Singularity also provides native support for running containerized applications on NVIDIA GPUs. If you have a GPU-accelerated application you would like to run during your Jupyter notebook session, please make sure your container includes a CUDA-enabled version of the application that can utilize NVIDIA GPUs.
NVIDIA distributes a number of GPU-optimized containers via their
container registry. This includes
containers for all of the most popular deep learning frameworks ---
PyTorch, TensorFlow,
and MXNet --- with jupyter
pre-installed.
Like the the containers available from DockerHub, you can pull
these
containers to the HPC system you are working on
singularity pull docker://nvcr.io/nvidia/pytorch:21.07-py3
and then launch
your Jupyter notebook session with galyleo
. For
example, you might want to run this PyTorch container on a single
NVIDIA V100 GPU available in Expanse's gpu-shared
partition.
galyleo launch --account abc123 --partition gpu-shared --cpus 10 --memory 93 --gpus 1 --time-limit 00:30:00 --env-modules singularitypro --sif pytorch_21.07-py3.sif --bind /expanse,/scratch --nv
Note, however, how you request GPU resources with galyleo
may be
different from one HPC system to another. For example, on Comet you must
use the --gres
command-line option on Comet to specify both the type
and number of GPUs required for your Jupyter notebook session. The
following launch
command would create a session within the NVIDIA
PyTorch container on a single P100 GPU available in Comet's gpu-shared
partition.
galyleo launch --account abc123 --partition gpu-shared --cpus 7 --gres gpu:p100:1 --time-limit 00:30:00 --sif pytorch_21.07-py3.sif --bind /oasis,/scratch --nv
In contrast, on TSCC you'll never explicitly request a specific number
of GPUs for your Jupyter notebook session. All GPUs on TSCC are currently
allocated implicitly in proportion to the number of CPU-cores requested
by a job and available on the type of GPU-accelerated compute node you
expect it to run on. And if you would like to request your notebook
session be scheduled on a certain type of GPU, then you must pass the
type of GPU required listed in the pbsnodes
properties via the
--constraint
command-line option. For example, the following launch
command will schedule your session on one of the NVIDIA GeForce RTX ]

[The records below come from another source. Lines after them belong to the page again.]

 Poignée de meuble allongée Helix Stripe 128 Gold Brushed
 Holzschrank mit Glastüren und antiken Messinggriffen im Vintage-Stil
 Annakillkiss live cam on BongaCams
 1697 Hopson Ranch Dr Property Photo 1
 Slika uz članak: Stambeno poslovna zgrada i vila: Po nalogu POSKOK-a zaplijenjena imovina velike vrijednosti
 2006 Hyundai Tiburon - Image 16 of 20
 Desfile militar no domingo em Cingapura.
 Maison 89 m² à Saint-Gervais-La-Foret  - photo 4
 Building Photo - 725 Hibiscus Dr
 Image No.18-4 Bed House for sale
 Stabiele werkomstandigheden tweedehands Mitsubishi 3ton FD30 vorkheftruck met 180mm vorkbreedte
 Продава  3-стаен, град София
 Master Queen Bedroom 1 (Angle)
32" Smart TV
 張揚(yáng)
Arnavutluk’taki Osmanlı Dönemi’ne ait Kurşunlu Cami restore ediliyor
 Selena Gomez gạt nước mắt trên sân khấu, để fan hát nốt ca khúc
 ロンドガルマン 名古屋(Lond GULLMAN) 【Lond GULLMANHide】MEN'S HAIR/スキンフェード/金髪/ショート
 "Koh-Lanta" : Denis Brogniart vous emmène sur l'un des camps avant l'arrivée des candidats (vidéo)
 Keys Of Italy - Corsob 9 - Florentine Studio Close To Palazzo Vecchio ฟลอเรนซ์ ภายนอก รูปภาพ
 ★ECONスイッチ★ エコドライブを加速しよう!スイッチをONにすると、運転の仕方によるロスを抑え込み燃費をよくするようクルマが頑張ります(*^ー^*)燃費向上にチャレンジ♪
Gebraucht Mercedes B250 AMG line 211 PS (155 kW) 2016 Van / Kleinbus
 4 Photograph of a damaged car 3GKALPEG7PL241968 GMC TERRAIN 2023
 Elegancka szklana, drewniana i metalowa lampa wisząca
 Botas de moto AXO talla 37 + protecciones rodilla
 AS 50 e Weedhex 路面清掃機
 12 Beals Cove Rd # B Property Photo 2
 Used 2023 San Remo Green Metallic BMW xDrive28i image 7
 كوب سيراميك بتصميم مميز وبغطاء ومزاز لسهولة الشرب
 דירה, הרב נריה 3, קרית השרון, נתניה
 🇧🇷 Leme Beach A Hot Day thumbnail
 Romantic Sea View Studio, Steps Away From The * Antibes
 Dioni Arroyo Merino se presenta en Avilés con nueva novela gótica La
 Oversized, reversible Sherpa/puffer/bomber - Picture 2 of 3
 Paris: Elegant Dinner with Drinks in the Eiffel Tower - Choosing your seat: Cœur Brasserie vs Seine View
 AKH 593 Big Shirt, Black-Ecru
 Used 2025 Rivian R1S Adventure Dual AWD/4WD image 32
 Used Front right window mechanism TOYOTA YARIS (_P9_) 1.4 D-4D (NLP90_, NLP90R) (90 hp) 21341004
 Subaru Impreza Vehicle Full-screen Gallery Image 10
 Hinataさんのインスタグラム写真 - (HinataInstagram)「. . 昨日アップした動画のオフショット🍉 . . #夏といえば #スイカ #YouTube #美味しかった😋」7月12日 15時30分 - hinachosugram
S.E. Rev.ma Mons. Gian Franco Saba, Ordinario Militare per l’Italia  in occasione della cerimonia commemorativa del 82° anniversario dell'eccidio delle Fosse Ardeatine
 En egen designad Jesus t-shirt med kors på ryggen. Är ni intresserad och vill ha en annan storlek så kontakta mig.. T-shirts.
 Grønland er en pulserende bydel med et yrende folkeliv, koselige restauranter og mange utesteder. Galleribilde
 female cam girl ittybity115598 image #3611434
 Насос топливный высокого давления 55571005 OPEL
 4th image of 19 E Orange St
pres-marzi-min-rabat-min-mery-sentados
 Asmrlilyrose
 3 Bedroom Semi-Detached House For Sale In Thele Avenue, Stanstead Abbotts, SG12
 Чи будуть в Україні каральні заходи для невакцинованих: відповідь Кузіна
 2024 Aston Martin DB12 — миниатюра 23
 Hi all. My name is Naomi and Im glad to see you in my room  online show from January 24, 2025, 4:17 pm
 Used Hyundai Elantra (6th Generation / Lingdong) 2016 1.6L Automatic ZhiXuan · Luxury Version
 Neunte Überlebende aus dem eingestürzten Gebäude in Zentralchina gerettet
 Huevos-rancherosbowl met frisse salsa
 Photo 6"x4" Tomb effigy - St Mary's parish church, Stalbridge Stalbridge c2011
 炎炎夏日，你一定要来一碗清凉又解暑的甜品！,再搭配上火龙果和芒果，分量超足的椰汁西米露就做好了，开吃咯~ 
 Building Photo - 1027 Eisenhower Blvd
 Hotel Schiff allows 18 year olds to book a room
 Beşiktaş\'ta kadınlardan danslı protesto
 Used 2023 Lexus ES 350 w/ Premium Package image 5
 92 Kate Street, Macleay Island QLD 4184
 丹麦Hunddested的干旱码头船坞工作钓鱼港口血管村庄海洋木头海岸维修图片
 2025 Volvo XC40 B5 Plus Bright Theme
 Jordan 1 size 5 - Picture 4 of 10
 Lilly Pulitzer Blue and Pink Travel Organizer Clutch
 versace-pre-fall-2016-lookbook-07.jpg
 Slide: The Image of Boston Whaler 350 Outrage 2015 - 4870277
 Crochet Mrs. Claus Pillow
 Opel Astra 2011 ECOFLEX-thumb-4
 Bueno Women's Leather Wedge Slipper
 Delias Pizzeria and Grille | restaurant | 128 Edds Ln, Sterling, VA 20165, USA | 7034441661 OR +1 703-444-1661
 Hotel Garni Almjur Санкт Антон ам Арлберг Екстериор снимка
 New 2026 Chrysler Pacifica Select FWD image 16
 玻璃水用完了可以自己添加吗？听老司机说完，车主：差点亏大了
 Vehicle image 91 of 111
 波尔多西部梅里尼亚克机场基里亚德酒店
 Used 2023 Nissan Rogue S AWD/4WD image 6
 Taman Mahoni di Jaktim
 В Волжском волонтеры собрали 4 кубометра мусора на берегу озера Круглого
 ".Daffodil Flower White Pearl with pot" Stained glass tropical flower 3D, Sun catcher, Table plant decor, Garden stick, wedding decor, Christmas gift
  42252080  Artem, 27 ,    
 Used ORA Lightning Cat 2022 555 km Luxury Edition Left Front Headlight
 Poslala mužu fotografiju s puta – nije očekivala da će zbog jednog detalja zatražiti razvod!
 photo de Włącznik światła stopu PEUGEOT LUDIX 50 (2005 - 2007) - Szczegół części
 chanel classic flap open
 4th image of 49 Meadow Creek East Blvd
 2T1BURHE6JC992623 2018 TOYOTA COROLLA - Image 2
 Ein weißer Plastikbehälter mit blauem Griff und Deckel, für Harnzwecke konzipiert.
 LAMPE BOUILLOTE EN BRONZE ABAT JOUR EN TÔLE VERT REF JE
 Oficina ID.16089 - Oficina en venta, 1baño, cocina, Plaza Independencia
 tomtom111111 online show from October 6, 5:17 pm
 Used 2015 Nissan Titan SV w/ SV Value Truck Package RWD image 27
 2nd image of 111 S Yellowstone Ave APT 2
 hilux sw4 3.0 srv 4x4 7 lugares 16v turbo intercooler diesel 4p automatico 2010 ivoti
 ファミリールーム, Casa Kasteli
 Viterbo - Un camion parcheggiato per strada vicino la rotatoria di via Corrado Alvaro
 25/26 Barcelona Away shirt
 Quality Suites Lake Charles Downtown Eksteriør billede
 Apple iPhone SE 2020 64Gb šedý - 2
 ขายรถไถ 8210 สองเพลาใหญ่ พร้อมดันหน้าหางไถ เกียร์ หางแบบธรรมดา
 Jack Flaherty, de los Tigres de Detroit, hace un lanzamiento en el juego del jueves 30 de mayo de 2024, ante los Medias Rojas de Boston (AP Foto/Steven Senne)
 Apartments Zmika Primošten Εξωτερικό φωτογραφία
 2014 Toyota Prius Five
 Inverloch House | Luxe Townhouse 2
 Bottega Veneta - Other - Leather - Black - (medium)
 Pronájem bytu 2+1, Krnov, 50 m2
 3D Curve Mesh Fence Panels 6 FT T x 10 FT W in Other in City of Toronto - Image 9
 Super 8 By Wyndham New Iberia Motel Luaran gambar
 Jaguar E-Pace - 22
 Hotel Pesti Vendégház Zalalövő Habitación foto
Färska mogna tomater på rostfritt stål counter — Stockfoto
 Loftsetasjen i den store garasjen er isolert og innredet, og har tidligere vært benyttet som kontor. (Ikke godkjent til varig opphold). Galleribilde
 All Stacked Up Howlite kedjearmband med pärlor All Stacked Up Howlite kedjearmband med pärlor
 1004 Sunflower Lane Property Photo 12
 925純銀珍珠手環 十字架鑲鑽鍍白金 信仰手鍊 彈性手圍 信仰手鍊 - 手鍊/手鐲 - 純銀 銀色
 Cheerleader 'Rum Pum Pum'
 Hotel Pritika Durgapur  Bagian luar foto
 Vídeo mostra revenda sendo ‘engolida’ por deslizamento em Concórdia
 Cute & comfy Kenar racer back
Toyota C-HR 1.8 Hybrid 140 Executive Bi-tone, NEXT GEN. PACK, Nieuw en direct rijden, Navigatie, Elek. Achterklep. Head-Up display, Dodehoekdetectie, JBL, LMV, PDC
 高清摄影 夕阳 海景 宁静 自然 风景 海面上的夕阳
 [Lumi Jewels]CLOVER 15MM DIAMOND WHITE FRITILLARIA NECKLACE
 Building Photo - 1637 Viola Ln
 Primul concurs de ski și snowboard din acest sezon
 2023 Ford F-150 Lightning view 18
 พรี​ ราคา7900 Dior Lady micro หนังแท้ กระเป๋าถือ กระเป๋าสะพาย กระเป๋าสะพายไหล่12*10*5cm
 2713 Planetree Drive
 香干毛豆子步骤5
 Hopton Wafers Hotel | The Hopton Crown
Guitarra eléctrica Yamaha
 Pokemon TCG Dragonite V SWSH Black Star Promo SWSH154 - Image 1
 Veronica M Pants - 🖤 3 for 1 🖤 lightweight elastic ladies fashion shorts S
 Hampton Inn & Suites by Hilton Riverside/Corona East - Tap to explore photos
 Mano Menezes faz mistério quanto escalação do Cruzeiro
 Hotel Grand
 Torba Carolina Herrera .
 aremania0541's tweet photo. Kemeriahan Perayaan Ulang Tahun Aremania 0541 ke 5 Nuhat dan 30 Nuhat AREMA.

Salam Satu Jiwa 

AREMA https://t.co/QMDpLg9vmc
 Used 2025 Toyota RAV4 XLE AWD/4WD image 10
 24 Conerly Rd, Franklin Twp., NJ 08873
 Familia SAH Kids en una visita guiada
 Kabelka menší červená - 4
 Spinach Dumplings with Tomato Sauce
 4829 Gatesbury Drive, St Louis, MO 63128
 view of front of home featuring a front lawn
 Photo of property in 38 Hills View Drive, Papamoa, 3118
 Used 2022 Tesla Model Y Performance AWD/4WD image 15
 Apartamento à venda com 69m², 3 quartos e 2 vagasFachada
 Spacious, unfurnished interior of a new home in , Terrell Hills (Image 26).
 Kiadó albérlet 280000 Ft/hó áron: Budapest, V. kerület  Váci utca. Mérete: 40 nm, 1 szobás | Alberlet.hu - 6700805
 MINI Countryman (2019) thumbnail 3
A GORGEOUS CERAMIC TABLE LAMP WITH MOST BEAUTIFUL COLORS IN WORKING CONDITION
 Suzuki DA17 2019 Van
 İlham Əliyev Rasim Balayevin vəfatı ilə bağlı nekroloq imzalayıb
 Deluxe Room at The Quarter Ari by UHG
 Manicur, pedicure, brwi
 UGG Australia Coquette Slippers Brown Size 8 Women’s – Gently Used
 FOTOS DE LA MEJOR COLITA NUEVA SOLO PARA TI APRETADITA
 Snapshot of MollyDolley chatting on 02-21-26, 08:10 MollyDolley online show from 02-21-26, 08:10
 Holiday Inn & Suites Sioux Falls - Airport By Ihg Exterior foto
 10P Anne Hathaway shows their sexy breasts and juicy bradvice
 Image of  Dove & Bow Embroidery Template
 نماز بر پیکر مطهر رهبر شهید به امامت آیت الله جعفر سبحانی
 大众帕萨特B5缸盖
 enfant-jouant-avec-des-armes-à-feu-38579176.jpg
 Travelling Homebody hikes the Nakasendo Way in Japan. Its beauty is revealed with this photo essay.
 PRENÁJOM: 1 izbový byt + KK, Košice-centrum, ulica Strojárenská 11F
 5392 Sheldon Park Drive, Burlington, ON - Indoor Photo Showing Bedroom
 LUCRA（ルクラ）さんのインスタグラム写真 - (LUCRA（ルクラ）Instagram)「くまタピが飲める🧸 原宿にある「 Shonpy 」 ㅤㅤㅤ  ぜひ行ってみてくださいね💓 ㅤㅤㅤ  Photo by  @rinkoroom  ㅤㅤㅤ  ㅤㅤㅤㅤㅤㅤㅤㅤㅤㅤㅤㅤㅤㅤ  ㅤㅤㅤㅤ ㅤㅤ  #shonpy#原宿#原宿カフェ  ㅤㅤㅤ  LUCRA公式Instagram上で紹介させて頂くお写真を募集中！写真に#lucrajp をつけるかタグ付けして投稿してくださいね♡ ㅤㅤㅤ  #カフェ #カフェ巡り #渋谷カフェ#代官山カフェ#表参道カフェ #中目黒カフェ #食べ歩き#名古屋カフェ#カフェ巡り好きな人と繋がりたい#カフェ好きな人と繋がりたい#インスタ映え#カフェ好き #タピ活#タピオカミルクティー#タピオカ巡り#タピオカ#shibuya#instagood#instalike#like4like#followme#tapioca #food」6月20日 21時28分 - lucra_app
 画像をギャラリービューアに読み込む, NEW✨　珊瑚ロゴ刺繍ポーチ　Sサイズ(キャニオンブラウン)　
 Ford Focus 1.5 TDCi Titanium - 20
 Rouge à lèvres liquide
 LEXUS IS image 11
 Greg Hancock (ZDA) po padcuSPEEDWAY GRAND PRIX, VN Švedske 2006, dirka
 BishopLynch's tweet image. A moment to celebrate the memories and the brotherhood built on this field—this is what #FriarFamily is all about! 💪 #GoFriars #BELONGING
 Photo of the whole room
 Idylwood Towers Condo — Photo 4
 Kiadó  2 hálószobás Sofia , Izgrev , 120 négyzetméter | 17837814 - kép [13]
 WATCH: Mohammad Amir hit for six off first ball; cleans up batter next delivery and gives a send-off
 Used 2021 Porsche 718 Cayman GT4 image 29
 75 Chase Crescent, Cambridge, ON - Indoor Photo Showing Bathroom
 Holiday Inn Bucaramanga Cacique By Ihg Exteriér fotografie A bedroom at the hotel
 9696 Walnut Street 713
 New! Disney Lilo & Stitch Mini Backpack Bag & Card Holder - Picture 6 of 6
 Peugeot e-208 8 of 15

2080Ti GPUs available in the gpu-hotel
queue on TSCC.
galyleo launch --account abc123 --partition gpu-hotel --cpus 2 --constraint gpu2080ti --time-limit 00:30:00 --sif pytorch_21.07-py3.sif --bind /oasis --nv
Whatever you do, whenever you're launching your Jupyter notebook session
with galyleo
from a Singularity container on compute resources with
NVIDIA GPUs, don't forget the include the --nv
flag.
Conda is an open-source software package and environment manager developed by Anaconda Inc.. Its ease of use, compatibility across multiple operating systems, and comprehensive support for both the Python and R software ecosystems has made it one of the most popular ways to build and maintain custom software environments in the data science and machine learning communities. And because of the constantly evolving software landscape in these spaces, which can involve quite complex software dependencies, conda is often the simplest way to get your custom Python or R software environment up and running on an HPC system.
galyleo
supports the use of conda environments to configure the
software environment for your Jupyter notebook session. If you've
already installed a conda distribution --- we recommend Miniconda ---
and configured a custom conda environment within it, then you should
only need to specify the name of the conda environment you want to
activate for your notebook session with the --conda-env
command-line
option.
For example, let's imagine you've already created a custom conda
environment from the following environment.yml
file.
name: notebooks-sharing
channels:
- conda-forge
- anaconda
dependencies:
- python=3.7
- jupyterlab=3
- pandas=1.2.4
- matplotlib=3.4.2
- seaborn=0.11.0
- scikit-learn=0.23.2
You should then be able to launch
a 30-minute JupyterLab session on a
four CPU-cores with 8 GB of memory on one of Expanse's shared
AMD
compute nodes by simply activating the notebooks-sharing
environment.
galyleo launch --account abc123 --partition shared --cpus 4 --memory 8 --time-limit 00:30:00 --conda-env notebooks-sharing
Note, however, the use of the --conda-env
command-line option here
assumes you've already configured your ~/.bashrc
file with the conda init
command. If you have not done so (or choose not to do so), then
you can also initialize any conda distribution in your launch
command
by providing the path to its conda.sh
initialization script in the
etc/profile.d
directory via the --conda-init
command-line option.
galyleo launch --account abc123 --partition shared --cpus 4 --memory 8 --time-limit 00:30:00 --conda-env notebooks-sharing --conda-init miniconda3/etc/profile.d/conda.sh
While creating your own custom software environment with conda may be convenient, it can also generate a high metadata load on the types of shared network filesystems you'll often find on an HPC system. At a minimum, if you install your conda distribution on a network filesystem, you can expect this to increase the installation time of software packages into your conda environment when compared to a local filesystem installation you may have done previously on your laptop. Under some circumstances, this metadata issue can lead to a serious degradation of the aggregate I/O performance across a filesystem, affecting the performance of all user jobs on the system.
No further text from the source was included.